If there was an easy way to answer that question, he would have jumped at the chance. He would have been quick to spit out the words that crawled across his head. At least he thought he would have. Maybe. Maybe not. But it was never easy. Things always got gummed up in his throat, and he ended up swallowing those sentences, swallowing them down to where they dissolved in stomach acid and missed opportunities.

So he took the path of least resistance.


“Nothing? You can’t have nothing on your mind. I see that look in your eyes. What are you thinking about?”

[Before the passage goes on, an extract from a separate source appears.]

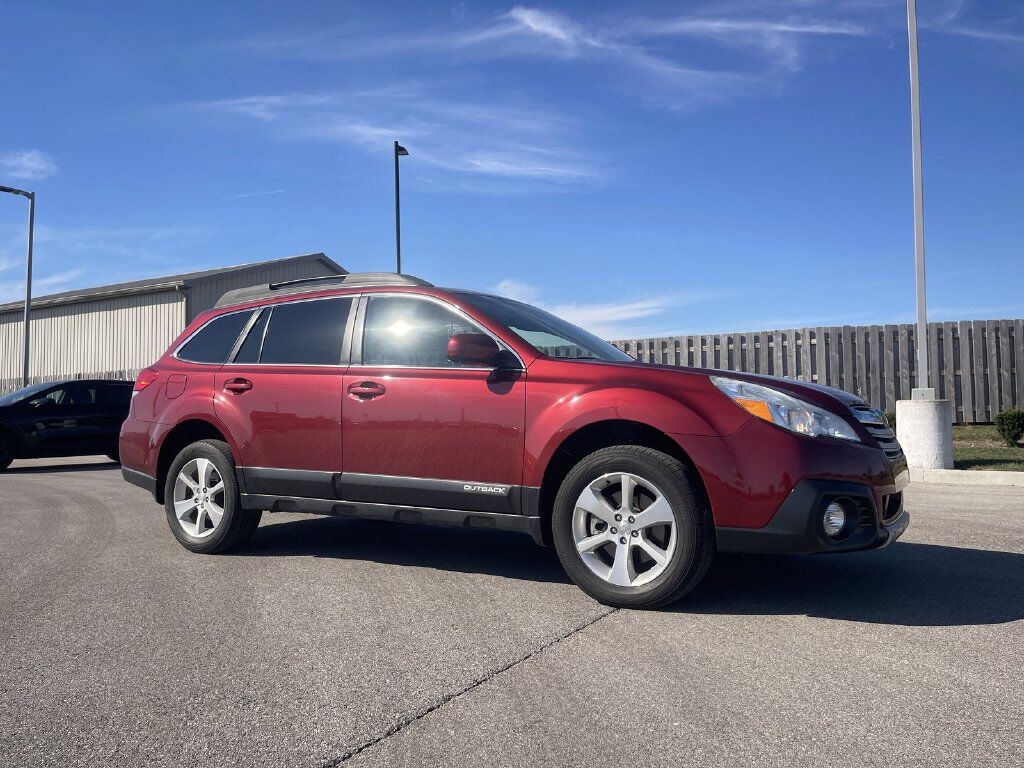 2014 SUBARU Outback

What was he thinking about?

A thought, perhaps a perfectly good, maybe even great one, surfaced in his head. It ran across the bumpy battlefield in his brain, just praying to Jesus Christ that it would get to the other side. Ducking under hesitant mortar shells and second-guessed machine gun bullets, it fell in front of the trench that was his mouth. It got father than it thought it would, and it was excited. It was ready to hop into that trench and emerge on the other side. So it jumped.

But it failed to notice the bails of barbed wire blocking the entrance to that trench. So it got caught, hung there, and bled out.

“Really. Nothing.”

No one ever thinks of nothing, and they both knew it. And that was ok. Because she heard the gunfire, too.

But as he sat there in unthoughtful silence, he remembered something he’d heard once.

“All you have to do is write one true sentence. Write the truest sentence you know.”

What’s writing but words spoken on paper, he thought to himself.

One sentence. That’s all.

If you think about it, that task is very difficult. Because one true sentence is worth more than books of pithy nonsense. The truest sentence you know is worth more than anything you’ve ever spoken.

But for him – aware of that transcending truth – it suddenly became easy.

“I’m thankful for you,” he said. And she looked at him, puzzled.

“Why?” she asked.

And finally that thought soldier, armed to the teeth with syllables, spellings, and punctuation, emerged from his head.

“Because you listen when I’m lost for words. You listen when I don’t know if I should speak. You listen when I have nothing to say. I’m thankful for you because, in the quietest silence, you hear me, truly.”

And that truth, louder than launched mortar shells and machine gun fire, was worth more than all the words that he’d ever spoken.